- What the task asks -
With all pictures excluded, restate the records that follow exactly as written.

- Input data -
+ + + +

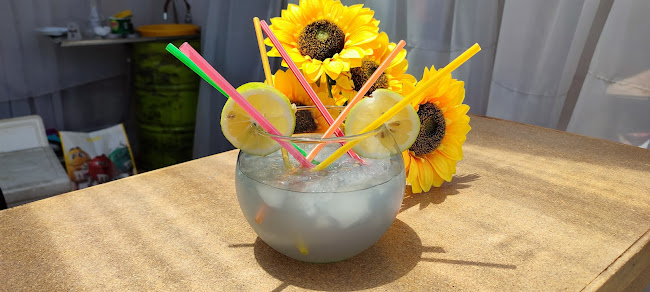 Comentarii opinii despre Magic Garden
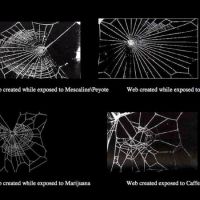 Spinnennetze weben unter Drogen 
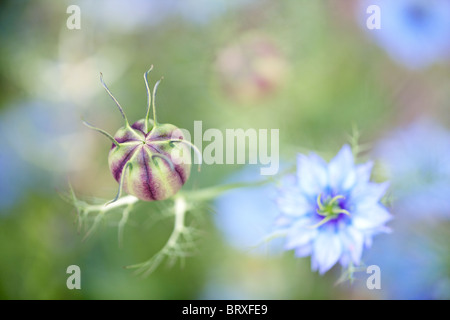 Nigella damascena, la graine du Royaume-Uni d'été Banque D'Images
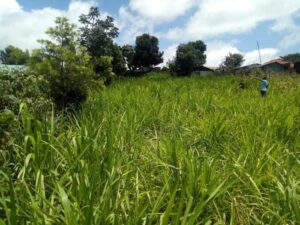 Find Residential Land For Sale With Clear Title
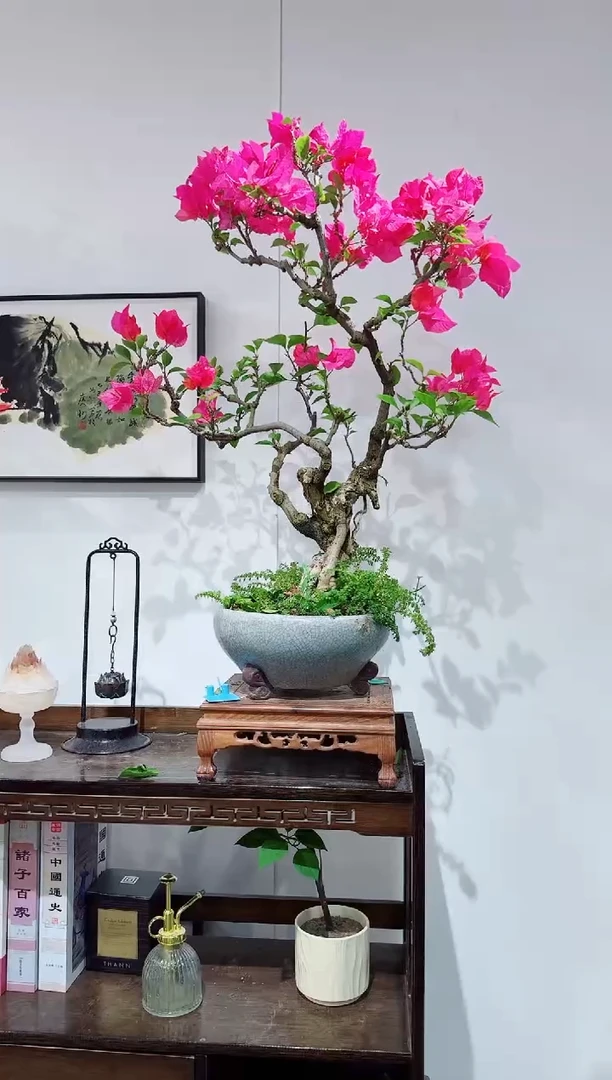 无花朵?***妞海岛红三角梅三角梅三角梅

+ + + +

- Solution -
 Comentarii opinii despre Magic Garden
 Spinnennetze weben unter Drogen 
 Nigella damascena, la graine du Royaume-Uni d'été Banque D'Images
 Find Residential Land For Sale With Clear Title
 无花朵?***妞海岛红三角梅三角梅三角梅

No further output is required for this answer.